Likewise, the crane wallpaper (a Novogratz design) is peel-and-stick. “I really wanted the zebra print at first, but my mom thought it would look like Christmas with the red brick and green paint,” notes Tallulah. A mother’s intuition is a very real thing. Tallulah’s twin sister, Bellamy, who lives in Los Angeles, also chimed in over text and FaceTime, so really the project was a family affair. “She had extra opinions for sure, but of course I probably won more,” says Cortney with a laugh. Luckily the bathroom and kitchen didn’t need much sprucing up: just fresh cabinet hardware, shades from The Shade Store, and new lighting. 

Phase 3: Seating for Two

Choosing a sofa with low arms—or none at all—is Cortney’s top tip for any small-space dweller. “It makes the room feel airy and light,” she says. The pair opted for a sectional so that Tallulah and her roommate can spread out comfortably on movie nights. The Novogratzes’ Magnolia style comes with a tool kit and instructions, so any first-time DIYers can put it together themselves without hiring a TaskRabbit. 

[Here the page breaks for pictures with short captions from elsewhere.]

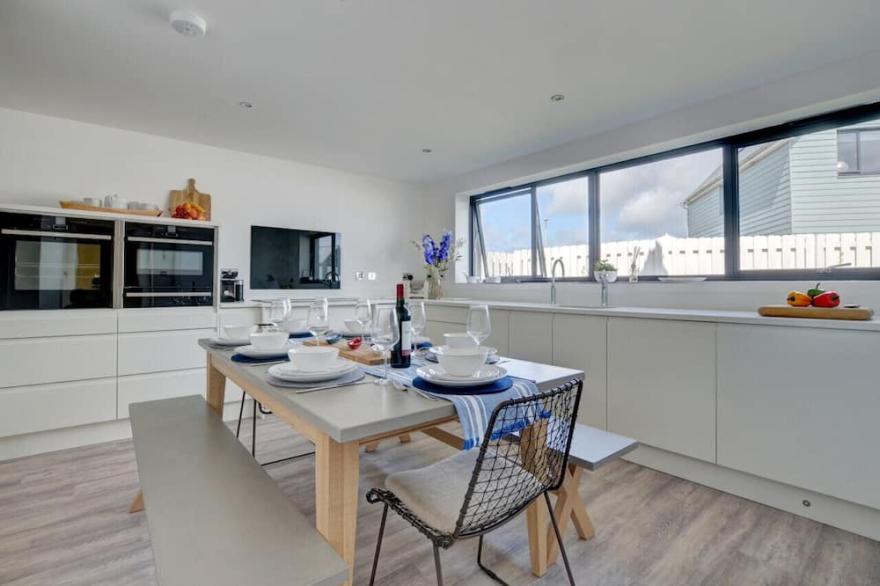 Beach House - Three Bedroom House, Sleeps 8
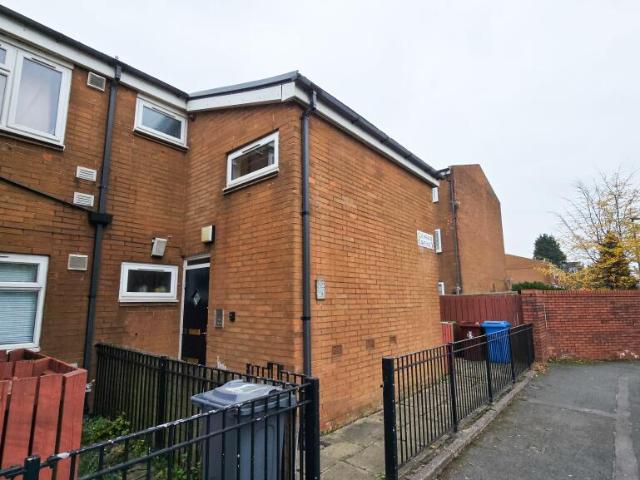 Flat for sale in Georgia, Greater Manchester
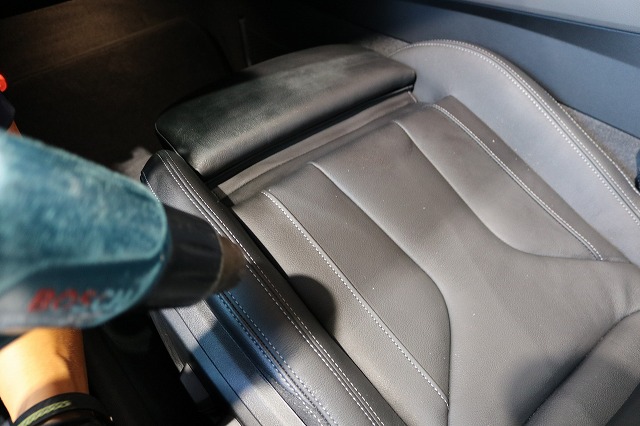 BMW Z4にクリアガード施工　乾燥画像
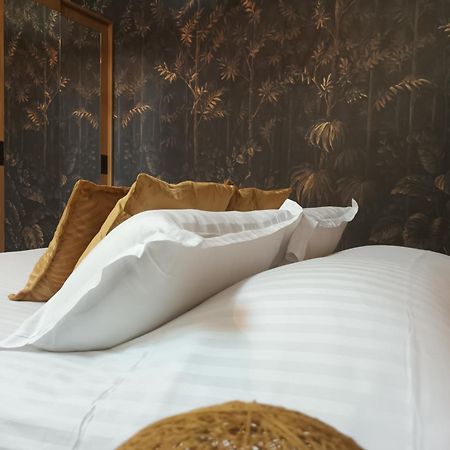 Logis Hotel La Breche - Restaurant Berthelot Αμπουάζ Εξωτερικό φωτογραφία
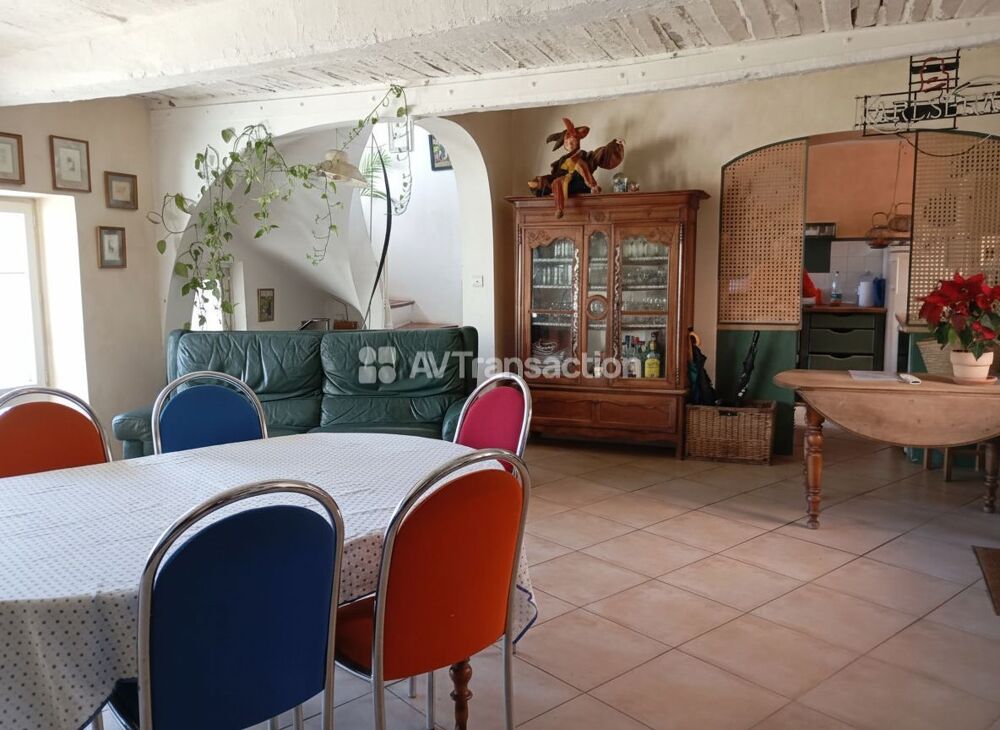 CALLAS : MAISON de VILLAGE, GARAGE, BALCON, POSSIBILITE COMMERCE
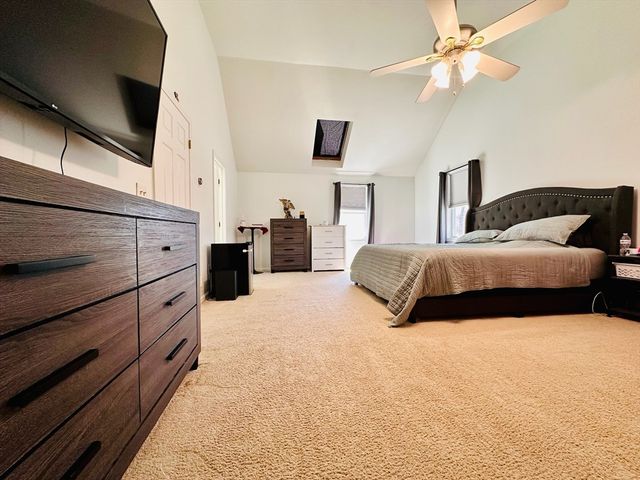 62 Edgemere Blvd, Shrewsbury, MA 01545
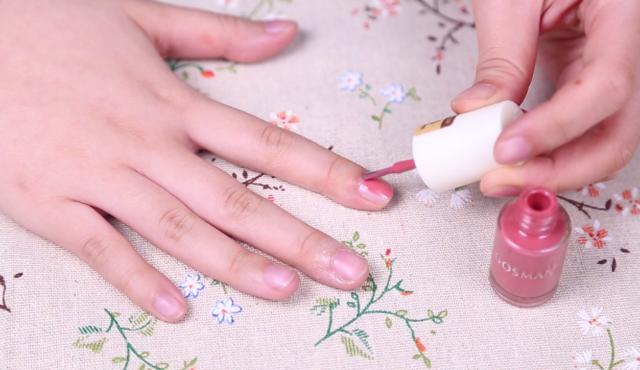 抹指甲油有什么用,油性指甲油和水性指甲油怎么卸掉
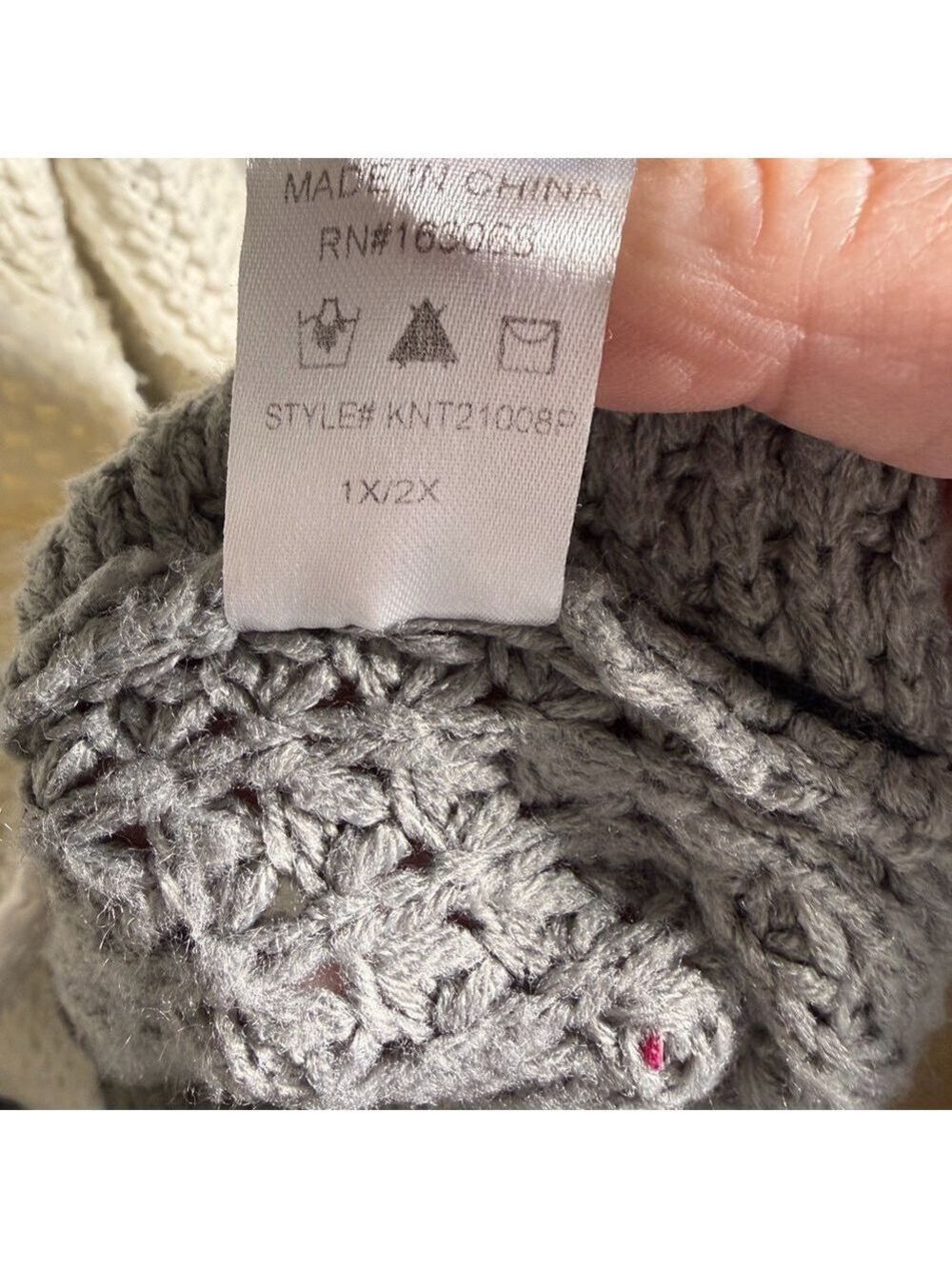 Chic Soul Colorblock Knit Sweater Black White Gray - Picture 6 of 8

Tallulah waited until the transformation was complete (it only took a week!) before posting the space on a Facebook group for women in NYC looking for roommates. Offering a place that was already furnished (you can shop all of her selections from the Zumper x Novogratz collaboration here and get a discount if you use the code ZUMPER15) was a big draw. 

Phase 4: A Cozy Bed for One

While a canopy bed might seem like overkill in a tiny bedroom, for Tallulah it’s like a cozy cocoon. “I slept on a twin bed for four years in college, so I made sure we could fit a full-size mattress in here,” she notes. The top rails come in handy when she’s packing for a trip, planning the week’s outfits, or air-drying laundry—she can just drape and hang things over the bars. 

Phase 5: Welcome Home

With no room to carve out a coat closet, Cortney had her contractor mount extra-large wall hooks onto wood planks in the front hallway. By situating the drop zone in the recessed brick niches, winter coats and tote bags are always tucked out of the way. “It was a week of getting our hands dirty,” recalls Cortney, and the pair made countless trips to the hardware store even after the construction was over. “I had a mirror on my head, Tallulah had four or five cans of paint…it was not the prettiest sight,” she continues. “But we made the space better.” That’s what parents are for, right?